I don’t know what I think I’m doing, taking this class.
It’s exam year. My committee is, I think, a good committee–I need to touch base with the two faculty members who are doing my field lists, just to get a sense of the range of questions I could be asked, but I’m plodding through the readings, turtle-style. Thank goodness for my 45 minute commute twice a day–at worst, I’m still reading a book a week thanks to commuting alone.
And the research paper list looks…possible? For the first time ever. I’ve thought all this time that I’d write about affect theory. Turns out, affect theory’s a dead end. But what I’m really interested in, nonfiction, isn’t necessarily. So I get to mess around with the genre conventions of nonfiction, make some claims about what nonfiction is and what it thinks it’s doing in the academy…I made a series of n-grams looking at the “rise” of memoir, and they are…surprising, to say the least. It’s an American phenomenon, for one, and it tracks with the rise of postmodernism. I want to connect these two things–not causally, certainly, but…temperamentally? We’ll see.
However, this class, it is killing me. I adore it, and yet it is such a timesink. I could pour years of my life into reading these texts, into reading the referent texts for these texts. Izenberg requires Adorno requires Hegel requires Kant, and if you’re going to read Hegel you may as well read Marx, oh and you must read all the great novels and all of poetry and you haven’t read Oppen? How have you not read Oppen? It’s an evil rabbithole, a receding horizon of inadequacy. Over beers, one of the first-years said something along the lines of, “If you’re not in a state of self-doubt, you’re doing it wrong.” Exactly.
I wrote yet another incoherent-but-polemical response paper for this week, and once again I am in headspace of dread. I know I’m wrong, and I can see at least three reasons WHY I’m wrong, and I don’t know how I can pore over something so closely and still get it wrong. It feels like the text moves on me–I pin down an interpretation, but when I look back at my argument, all I can see are holes.

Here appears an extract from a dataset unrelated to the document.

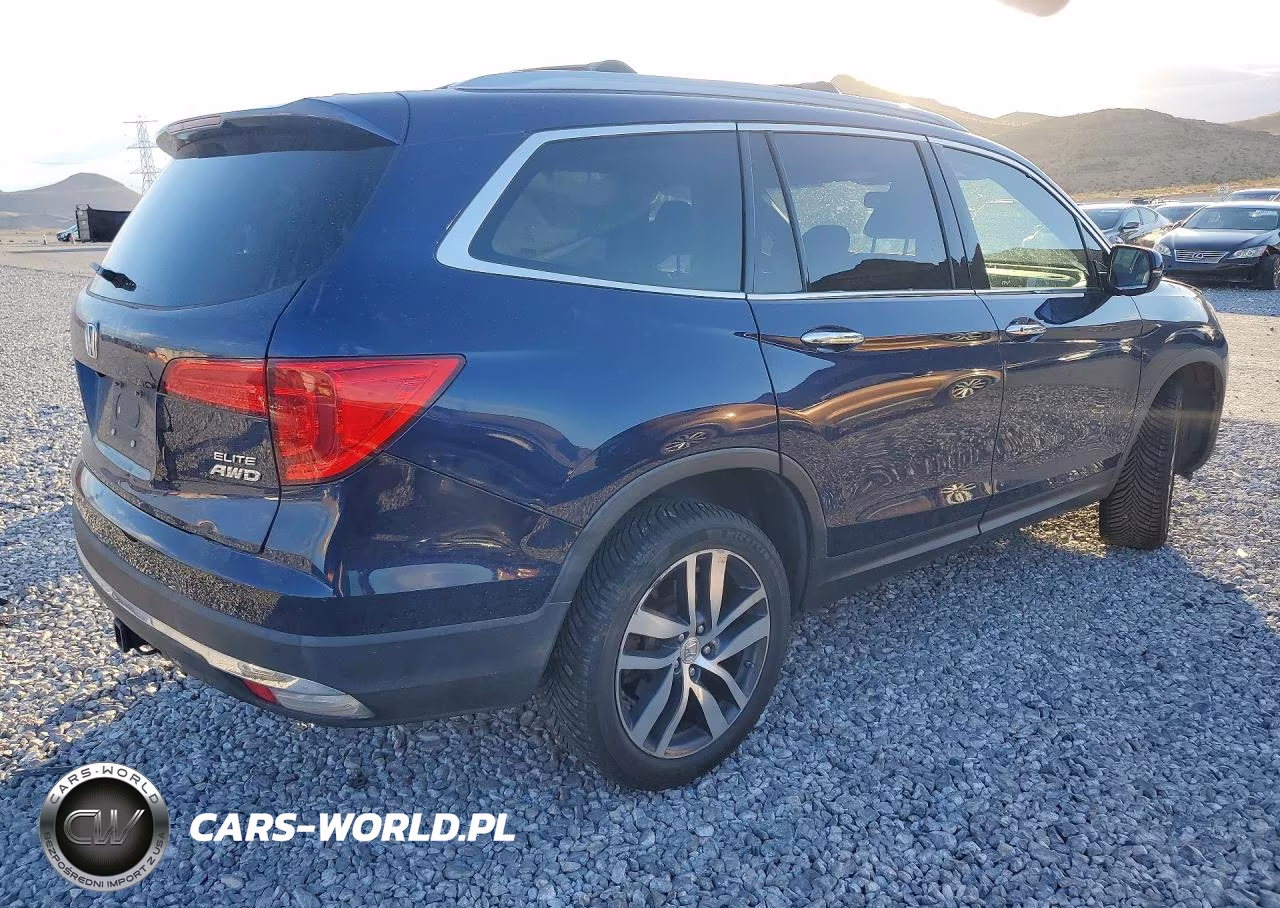 2018 Honda Pilot Elite VIN:5FNYF6H01JB011312 - 3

But it’s my damn brain that’s moving. Which is why I wanted to take this class–I want to be able to argue. I want to learn how to articulate the core arguments of complicated theoretical texts in such a way as to be unassailable. Clearly this is impossible (no argument’s unassailable), but I am definitely getting better–my first response paper is unreadable to me now. It’s a wall of errors, leaps in judgment, gaps, incorrect or merely slipshod summaries…typos, even. It’s a horrorshow. And not just that first paper–all of them, even the one I’m presenting today. Especially that one.
If anything is going to prep me for exams, it’s this, this gauntlet. I am reading as much as fast as well as I can and better than I ever have before. My academic writing compacts down, since there’s no room for the marshmallow fluff of wandering toward my argument. I’m attempting to use examples and interrogate examples, rather than focusing on terms (okay, I failed at that this week…I got distracted by a particularly oddball turn of phrase). It’s amazing. I haven’t felt like this about a class since undergrad, since Douglas Canfield gave me a D on my first response paper and told me to learn to close read a text, not just inhale the words on the page. There’s no prize for getting to the end first.

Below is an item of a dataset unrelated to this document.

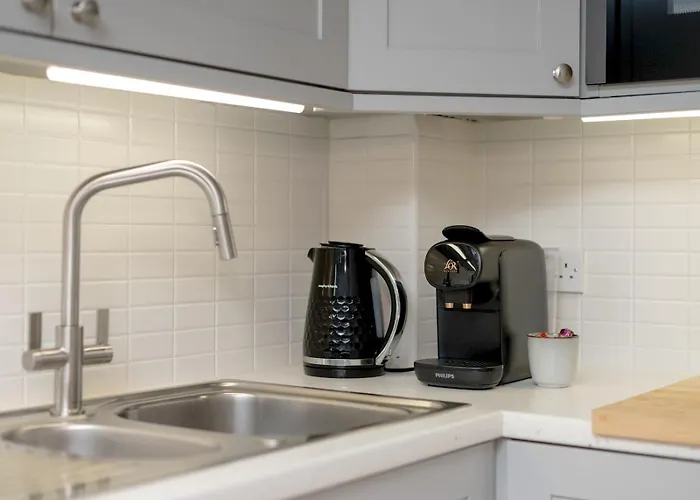 شقة Pass The Keys Spacious Bright Modern Flat إدنبرة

This type of analysis is exactly what I need to be doing. I wish I had more time for my creative writing, and I’ll probably regret the timesink later, when I’m on the job market pub-less. But I have my whole lifetime to write, and only this one shot at learning to think (with this caliber of prof, anyway).
Every Monday (look it’s a Monday!) I fight laziness and regret. How much time I’d have if I weren’t doing this. I’d be through my lists by now, surely, or at least close to done. I’d have three stories out, rather than a measly one.
And yet all I’ve ever wanted is to be able to kill people with my brain. When do I learn how to do that?